I feel a bit odd about it, looking back. My first ultra should have been a big thing. But coming off the back of 2 marathons this season (it was my third big race in 12 weeks) I had run myself completely flat mentally. The ultra was a day out for me in a beautiful part of the country – a day’s running with no goal in mind. As such, it was incredibly freeing and enjoyable. The focus I had for London and Kent was wonderful – it led me to achieve my goal – but I struggle to maintain that focus the whole time. I needed a break and strangely I got it, doing 33 slow miles on a hot day in Derbyshire.
And all I thought when I was done was “I’m done”. I have decided this was the last of my major commitments, running-wise, this year. I am so ready for my schedule to be over. For the pressure to be gone. I’ve never needed a break more than I needed this one.
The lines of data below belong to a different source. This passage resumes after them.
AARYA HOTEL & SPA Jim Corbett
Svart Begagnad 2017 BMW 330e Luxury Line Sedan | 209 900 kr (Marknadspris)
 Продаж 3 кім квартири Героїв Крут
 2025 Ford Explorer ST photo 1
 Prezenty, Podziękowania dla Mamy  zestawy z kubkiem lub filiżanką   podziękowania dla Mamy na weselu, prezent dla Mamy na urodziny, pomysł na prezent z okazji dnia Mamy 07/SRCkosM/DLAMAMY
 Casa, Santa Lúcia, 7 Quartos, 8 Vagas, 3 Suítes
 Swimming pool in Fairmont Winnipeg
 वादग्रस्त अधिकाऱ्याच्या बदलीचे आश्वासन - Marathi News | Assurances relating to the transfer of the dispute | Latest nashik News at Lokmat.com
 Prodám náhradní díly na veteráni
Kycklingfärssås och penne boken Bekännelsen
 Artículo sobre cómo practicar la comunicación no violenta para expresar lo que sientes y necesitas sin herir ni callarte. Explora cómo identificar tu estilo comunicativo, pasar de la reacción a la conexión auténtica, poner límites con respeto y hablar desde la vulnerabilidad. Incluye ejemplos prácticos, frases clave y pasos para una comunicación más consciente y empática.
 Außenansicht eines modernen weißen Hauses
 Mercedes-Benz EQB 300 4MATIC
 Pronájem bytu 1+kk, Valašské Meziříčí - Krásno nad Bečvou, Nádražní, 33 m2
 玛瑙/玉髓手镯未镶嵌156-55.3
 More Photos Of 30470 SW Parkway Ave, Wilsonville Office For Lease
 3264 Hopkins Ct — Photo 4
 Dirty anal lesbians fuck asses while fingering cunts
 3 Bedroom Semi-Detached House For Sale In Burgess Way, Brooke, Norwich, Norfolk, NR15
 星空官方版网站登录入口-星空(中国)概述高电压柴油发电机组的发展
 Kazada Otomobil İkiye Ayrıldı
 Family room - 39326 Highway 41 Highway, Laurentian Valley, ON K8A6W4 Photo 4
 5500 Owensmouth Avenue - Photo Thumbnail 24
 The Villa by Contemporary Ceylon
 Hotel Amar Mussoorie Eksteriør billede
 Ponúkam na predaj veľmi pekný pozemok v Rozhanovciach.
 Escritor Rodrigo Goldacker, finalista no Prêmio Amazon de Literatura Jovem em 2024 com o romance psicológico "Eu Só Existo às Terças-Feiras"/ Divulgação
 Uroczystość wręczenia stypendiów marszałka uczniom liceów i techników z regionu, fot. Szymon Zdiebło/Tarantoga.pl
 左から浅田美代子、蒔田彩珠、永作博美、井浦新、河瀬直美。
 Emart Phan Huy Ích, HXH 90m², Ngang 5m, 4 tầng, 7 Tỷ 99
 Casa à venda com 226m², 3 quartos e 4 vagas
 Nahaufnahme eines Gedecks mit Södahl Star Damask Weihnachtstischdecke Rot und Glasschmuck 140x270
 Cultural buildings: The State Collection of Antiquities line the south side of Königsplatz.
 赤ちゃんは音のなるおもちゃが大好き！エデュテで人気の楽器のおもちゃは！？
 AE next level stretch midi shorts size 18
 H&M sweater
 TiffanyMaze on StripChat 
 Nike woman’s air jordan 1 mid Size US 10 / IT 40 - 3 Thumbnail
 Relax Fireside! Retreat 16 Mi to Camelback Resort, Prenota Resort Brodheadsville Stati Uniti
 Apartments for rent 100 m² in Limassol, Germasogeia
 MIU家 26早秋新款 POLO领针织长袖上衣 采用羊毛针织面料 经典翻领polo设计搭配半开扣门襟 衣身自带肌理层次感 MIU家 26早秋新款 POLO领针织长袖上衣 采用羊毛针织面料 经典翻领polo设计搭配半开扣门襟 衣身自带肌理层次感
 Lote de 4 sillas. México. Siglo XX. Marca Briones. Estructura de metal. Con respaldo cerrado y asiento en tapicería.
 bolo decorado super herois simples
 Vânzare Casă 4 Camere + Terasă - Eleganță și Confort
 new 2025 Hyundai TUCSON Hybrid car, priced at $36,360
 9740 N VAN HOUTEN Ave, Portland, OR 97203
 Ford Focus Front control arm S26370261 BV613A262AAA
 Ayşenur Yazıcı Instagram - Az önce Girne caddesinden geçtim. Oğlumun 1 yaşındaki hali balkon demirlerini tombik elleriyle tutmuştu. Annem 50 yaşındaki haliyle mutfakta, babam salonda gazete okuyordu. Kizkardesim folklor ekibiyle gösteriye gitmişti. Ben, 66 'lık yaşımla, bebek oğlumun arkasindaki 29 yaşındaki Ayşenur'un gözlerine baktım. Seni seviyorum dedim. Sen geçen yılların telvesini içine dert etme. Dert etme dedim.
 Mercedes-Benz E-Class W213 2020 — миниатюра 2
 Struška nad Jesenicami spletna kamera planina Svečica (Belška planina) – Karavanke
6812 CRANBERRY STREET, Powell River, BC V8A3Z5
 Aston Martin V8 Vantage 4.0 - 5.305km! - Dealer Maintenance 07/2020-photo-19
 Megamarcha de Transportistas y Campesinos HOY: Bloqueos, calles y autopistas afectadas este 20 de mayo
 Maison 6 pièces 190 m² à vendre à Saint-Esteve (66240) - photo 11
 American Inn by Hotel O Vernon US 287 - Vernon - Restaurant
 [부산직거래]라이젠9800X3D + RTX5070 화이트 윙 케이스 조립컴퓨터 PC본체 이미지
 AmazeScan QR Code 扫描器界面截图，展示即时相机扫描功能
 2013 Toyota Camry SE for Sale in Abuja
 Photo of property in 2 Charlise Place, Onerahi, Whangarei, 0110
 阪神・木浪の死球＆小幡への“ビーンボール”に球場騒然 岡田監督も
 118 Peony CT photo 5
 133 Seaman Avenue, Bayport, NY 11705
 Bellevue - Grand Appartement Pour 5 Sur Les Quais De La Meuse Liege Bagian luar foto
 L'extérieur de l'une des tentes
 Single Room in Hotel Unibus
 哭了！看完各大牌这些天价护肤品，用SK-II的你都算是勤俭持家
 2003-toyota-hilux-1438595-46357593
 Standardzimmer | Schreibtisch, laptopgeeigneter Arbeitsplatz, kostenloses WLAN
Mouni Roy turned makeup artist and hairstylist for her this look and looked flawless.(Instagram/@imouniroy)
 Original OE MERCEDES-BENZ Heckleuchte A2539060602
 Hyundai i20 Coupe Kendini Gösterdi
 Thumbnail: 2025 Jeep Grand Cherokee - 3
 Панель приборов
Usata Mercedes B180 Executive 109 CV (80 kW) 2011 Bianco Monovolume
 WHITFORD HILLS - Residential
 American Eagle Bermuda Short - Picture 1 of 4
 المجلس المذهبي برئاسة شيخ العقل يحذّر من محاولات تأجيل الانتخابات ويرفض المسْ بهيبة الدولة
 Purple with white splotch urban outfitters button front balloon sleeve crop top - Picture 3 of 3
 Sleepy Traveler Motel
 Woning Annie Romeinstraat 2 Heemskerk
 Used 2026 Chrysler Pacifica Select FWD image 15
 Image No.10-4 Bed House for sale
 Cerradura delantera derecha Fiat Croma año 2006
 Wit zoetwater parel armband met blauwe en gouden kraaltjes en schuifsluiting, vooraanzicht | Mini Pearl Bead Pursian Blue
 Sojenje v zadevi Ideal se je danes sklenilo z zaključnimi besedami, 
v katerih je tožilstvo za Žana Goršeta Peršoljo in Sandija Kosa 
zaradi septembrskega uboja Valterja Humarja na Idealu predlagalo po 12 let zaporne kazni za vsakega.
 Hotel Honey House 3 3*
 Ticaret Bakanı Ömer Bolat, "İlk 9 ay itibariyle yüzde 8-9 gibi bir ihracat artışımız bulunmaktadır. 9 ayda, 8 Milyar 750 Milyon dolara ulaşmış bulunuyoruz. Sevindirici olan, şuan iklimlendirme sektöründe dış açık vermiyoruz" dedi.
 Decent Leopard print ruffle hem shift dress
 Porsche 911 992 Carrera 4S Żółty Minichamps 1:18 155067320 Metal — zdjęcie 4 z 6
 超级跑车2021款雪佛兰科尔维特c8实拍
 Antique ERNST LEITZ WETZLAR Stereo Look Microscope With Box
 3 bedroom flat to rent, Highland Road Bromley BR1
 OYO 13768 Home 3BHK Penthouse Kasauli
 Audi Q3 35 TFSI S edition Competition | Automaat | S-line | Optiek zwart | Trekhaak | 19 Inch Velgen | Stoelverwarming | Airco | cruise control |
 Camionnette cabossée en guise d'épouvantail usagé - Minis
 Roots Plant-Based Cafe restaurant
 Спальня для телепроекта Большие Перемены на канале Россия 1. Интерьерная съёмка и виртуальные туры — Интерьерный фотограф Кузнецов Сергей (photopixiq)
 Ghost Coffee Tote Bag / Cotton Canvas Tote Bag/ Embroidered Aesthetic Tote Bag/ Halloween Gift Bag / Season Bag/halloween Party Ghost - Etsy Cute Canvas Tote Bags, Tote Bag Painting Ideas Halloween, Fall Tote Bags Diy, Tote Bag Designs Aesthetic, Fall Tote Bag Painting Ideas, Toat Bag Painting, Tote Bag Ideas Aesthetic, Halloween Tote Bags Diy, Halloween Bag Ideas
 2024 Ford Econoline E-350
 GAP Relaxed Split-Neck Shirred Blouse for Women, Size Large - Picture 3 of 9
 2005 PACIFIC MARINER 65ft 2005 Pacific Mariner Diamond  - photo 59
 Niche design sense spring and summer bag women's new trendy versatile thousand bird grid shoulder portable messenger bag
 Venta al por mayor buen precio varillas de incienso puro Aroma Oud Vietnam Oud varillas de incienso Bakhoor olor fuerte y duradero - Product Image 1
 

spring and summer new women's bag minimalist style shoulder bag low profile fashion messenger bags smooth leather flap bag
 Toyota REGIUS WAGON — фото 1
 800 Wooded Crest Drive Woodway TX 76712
So the next 4 weeks are my holiday. I’m going on holiday (to Canada and the US) and Adam is training for his first marathon so it’s my turn to support him and do the childcare while he takes the opportunity to go for a run. If I want to run I will, but I have no goals at all. I am determined to be okay with it even if I don’t run at all. 10 years of running and training have taught me to respect the ebb as much as the flow. And that one will not come without the other. And you see, I’m going to really, really need the flow.
Because next July I am going to toe the starting line of Ironman Zurich. Yes – I have committed to the biggest, hairiest-assed goal I’ve ever committed to. The time has arrived where “it feels right”. Not easy, mind. But right.
I’ve had a bit of a revelation, you see. I have come to realise that I tend to look at life, and the opportunities in life, as those that are “for me” and those that are “not for me”. Now, if I put things in the “not for me” category because I don’t want to do them (Formula 1, flower arranging) that’s fine. But I put a great deal of things in the “not for me” category that I am afraid of doing, or afraid of failing at. And at 41 I see this is a dumb approach to life. Life is not big house where I can’t enter certain rooms because they are not for “a person like me”. Whatever “a person like me” is. I have been limiting my ambition and my experience by thinking I can’t go through into those rooms (for example the one that says Ironman) and secretly, I have been waiting to be invited in. That would make it more legitimate. But I now see that that might never happen. And that I need to just do what I want to do. And I want to do an Ironman.
I think training for and completing an Ironman will change my life. And will change me. And I am ready to be changed. The past 10 years have revealed the extraordinary truth to me that physical activity is my single most meaningful trigger for personal change. That is an amazing revelation for me. Physical activity was never something I valued very highly, I spent many years avoiding it, and yet it is the tool by which I understand more about myself and what I am capable of than any other (including the 100s of novels I still read every year). This may not be true for everyone, it may only be true for me. But this truth encourages me to try different things because I know that every itme I try a new thing or set myself a new challenge I discover something about myself that I did not know before. And the overall experience is one that always helps me both understand myself a bit more and like myself a bit more. Accept myself a bit more.
So, following my break this August, the base building will begin.
Keep running my friends – and stick with me!